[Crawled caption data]
━━━━━━━━

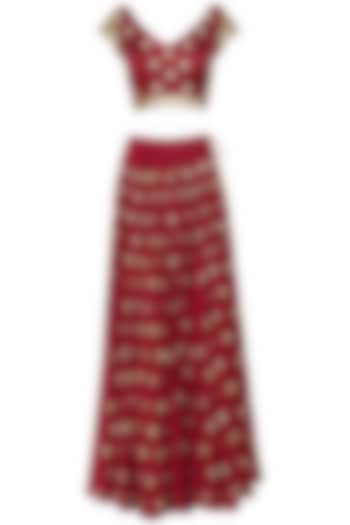 Crimson Red Embroidered Lehenga Set by Ease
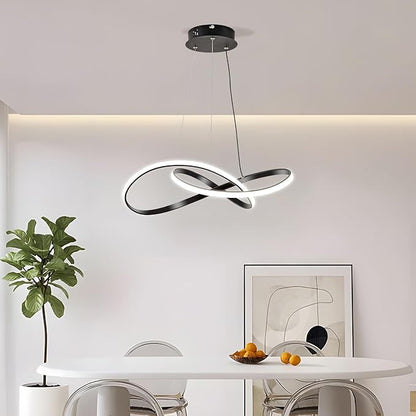 Modern LED Pendant Light Fixture，Black Contemporary Ceiling Hanging Fixture with Irregular Ring Lights for Dining Living Room Bedroom Kitchen Island Cafe（4000K，Neutral Light ）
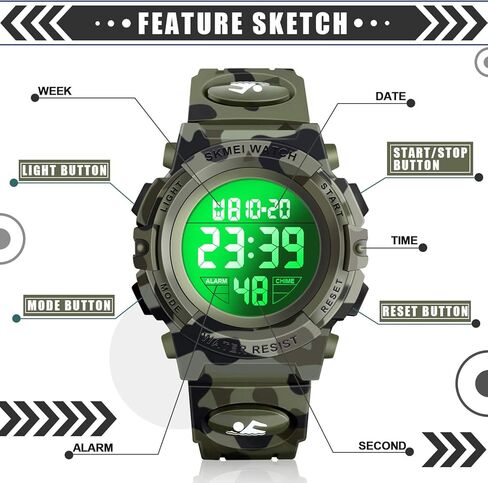 ساعة رياضية رقمية للأطفال مقاومة للماء LED 50M من ATIMO - هدايا للأطفال in Kuwait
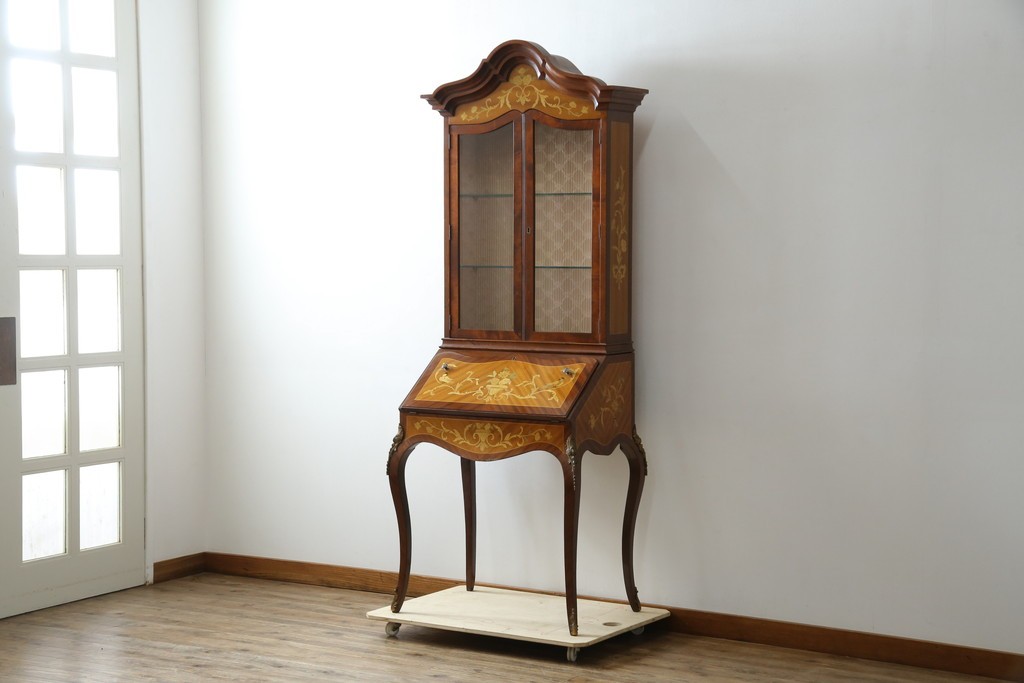 イギリスビンテージ　美しいシルエットの象嵌入りビューローブックケース　(R-077274)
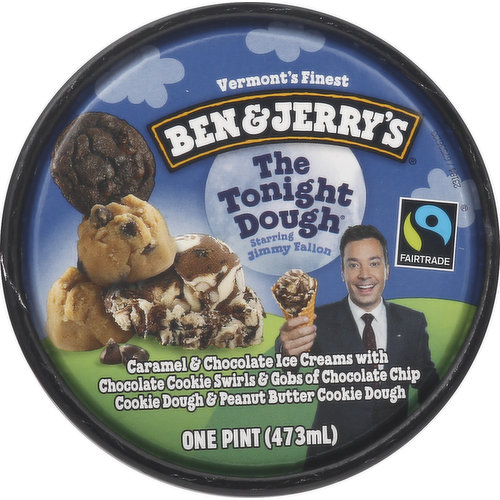 The Ben & Jerrys ice cream container features Jimmy Kimmel. The ice cream is made of caramel and chocolate ice creams with chocolate cookie swirls, and chunks of chocolate chip cookie dough and peanut butter cookie dough.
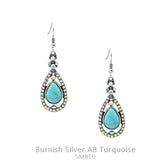 Turquoise Teardrop earrings with bling trim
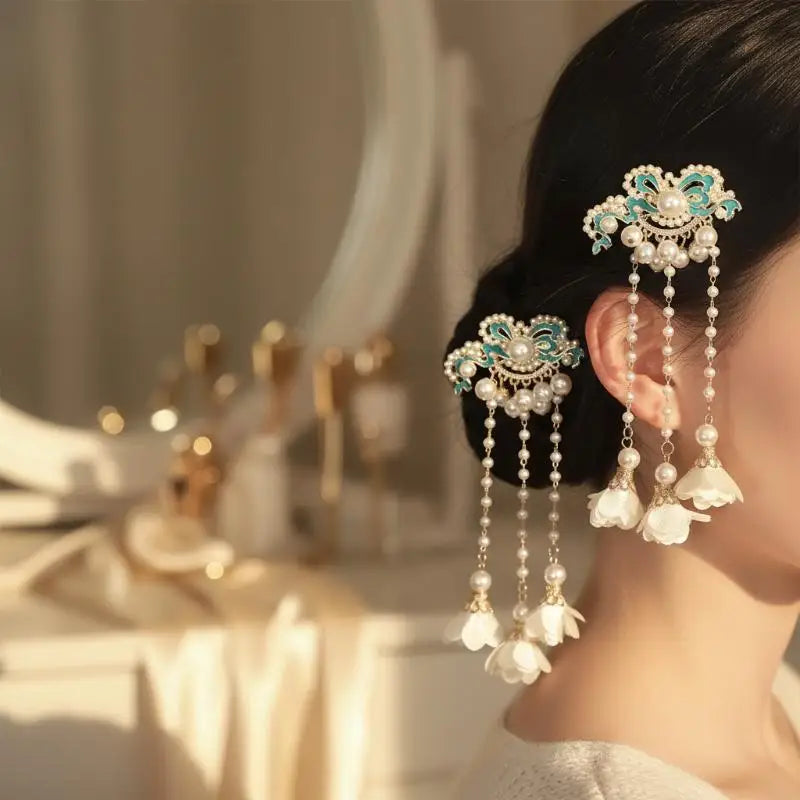 Vintage Pearl Tassel Hair Clip – Enamel Flower Hanfu Hair Pin Decorative Hair Pin Oasis Select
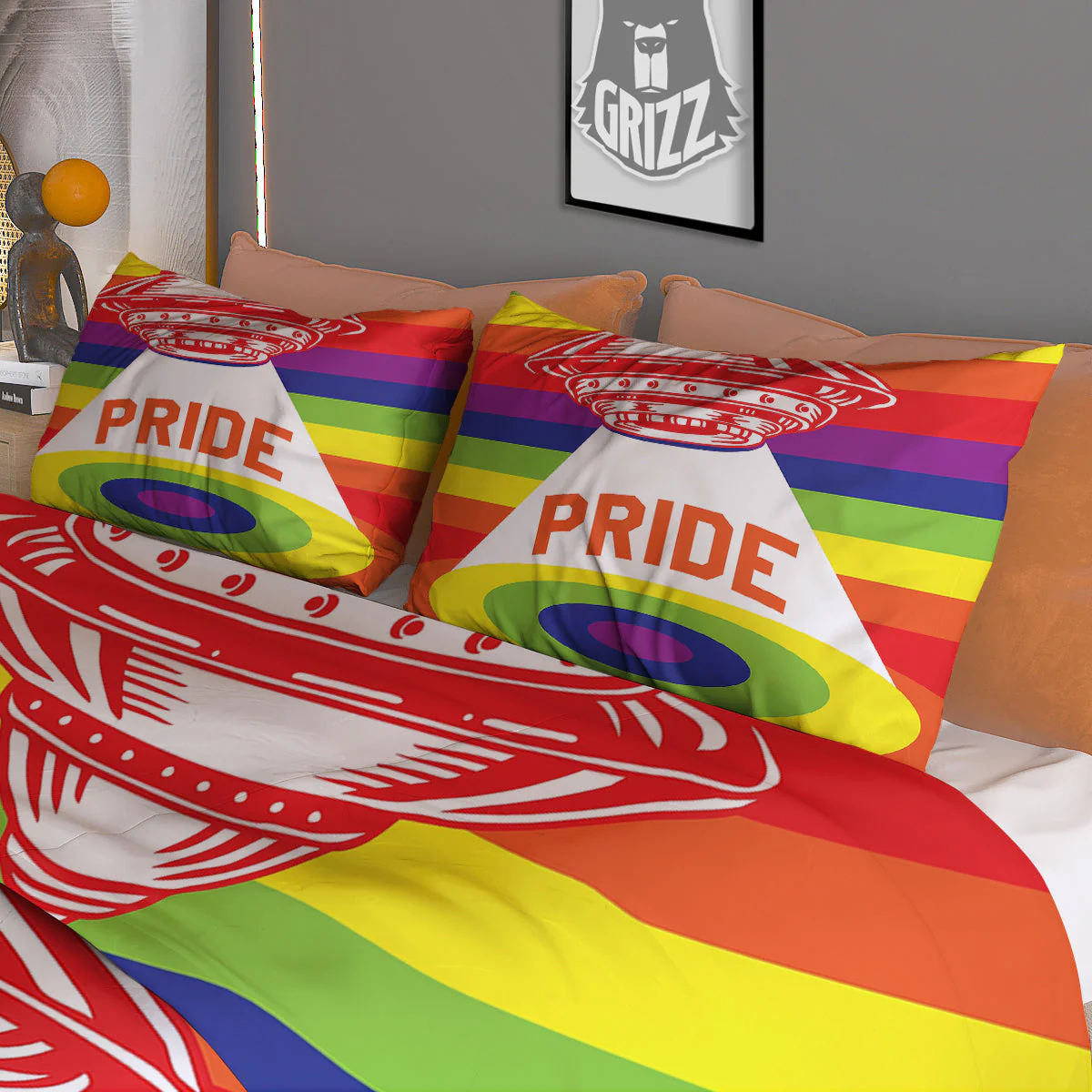 UFO LGBT Pride Rainbow Print Duvet Cover Bedding Set - Image 3
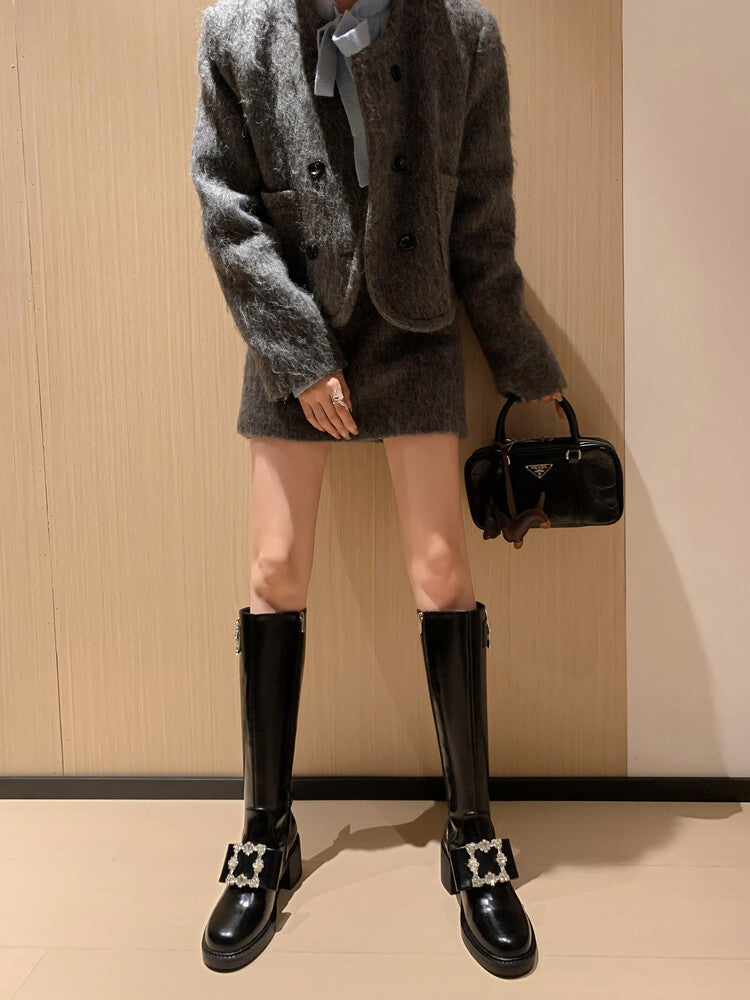Karin Luna has prepared stock  Custom Large Square Buckle Bowknot Fastener Elegant Long Boots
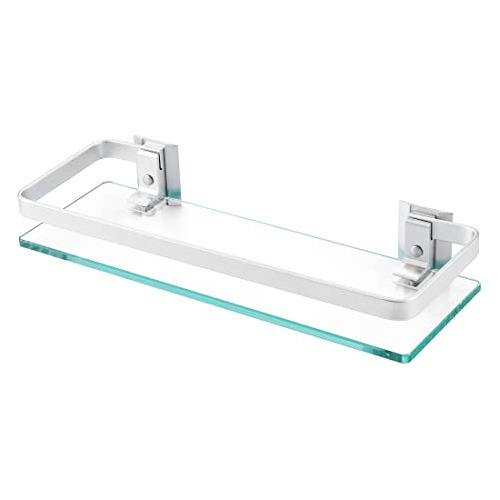 Estante De Baño De Aluminio Con Vidrio Templado, Plata.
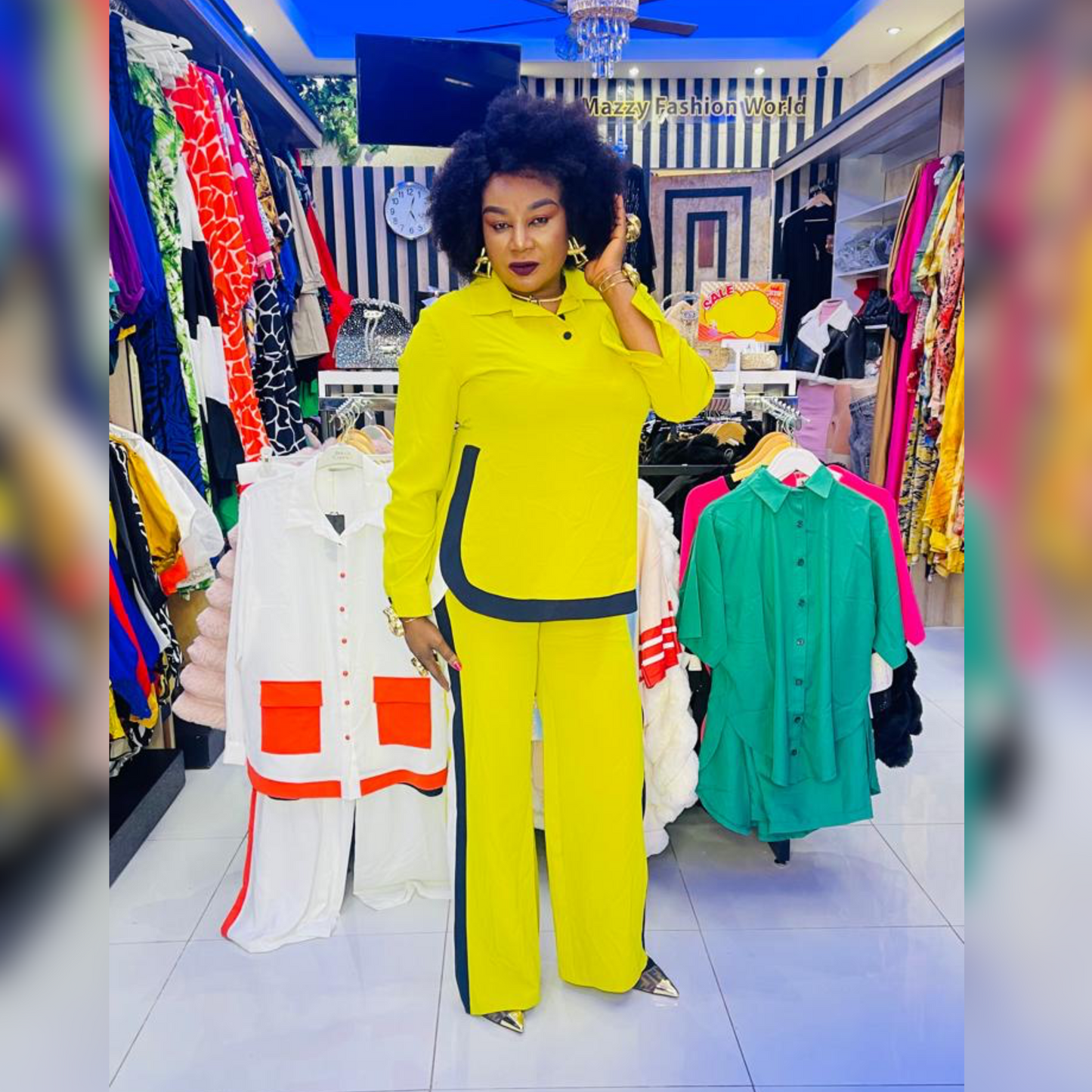 Stylish yellow two-piece outfit with contrast trim from Mazzy Cosmetics, perfect for casual wear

━━━━━━━━

### Work instruction
Your copy should be the entries retyped exactly, with no images in it.

### Finished exercise
 Crimson Red Embroidered Lehenga Set by Ease
 Modern LED Pendant Light Fixture，Black Contemporary Ceiling Hanging Fixture with Irregular Ring Lights for Dining Living Room Bedroom Kitchen Island Cafe（4000K，Neutral Light ）
 ساعة رياضية رقمية للأطفال مقاومة للماء LED 50M من ATIMO - هدايا للأطفال in Kuwait
 イギリスビンテージ　美しいシルエットの象嵌入りビューローブックケース　(R-077274)
 The Ben & Jerrys ice cream container features Jimmy Kimmel. The ice cream is made of caramel and chocolate ice creams with chocolate cookie swirls, and chunks of chocolate chip cookie dough and peanut butter cookie dough.
 Turquoise Teardrop earrings with bling trim
 Vintage Pearl Tassel Hair Clip – Enamel Flower Hanfu Hair Pin Decorative Hair Pin Oasis Select
 UFO LGBT Pride Rainbow Print Duvet Cover Bedding Set - Image 3
Karin Luna has prepared stock  Custom Large Square Buckle Bowknot Fastener Elegant Long Boots
 Estante De Baño De Aluminio Con Vidrio Templado, Plata.
 Stylish yellow two-piece outfit with contrast trim from Mazzy Cosmetics, perfect for casual wear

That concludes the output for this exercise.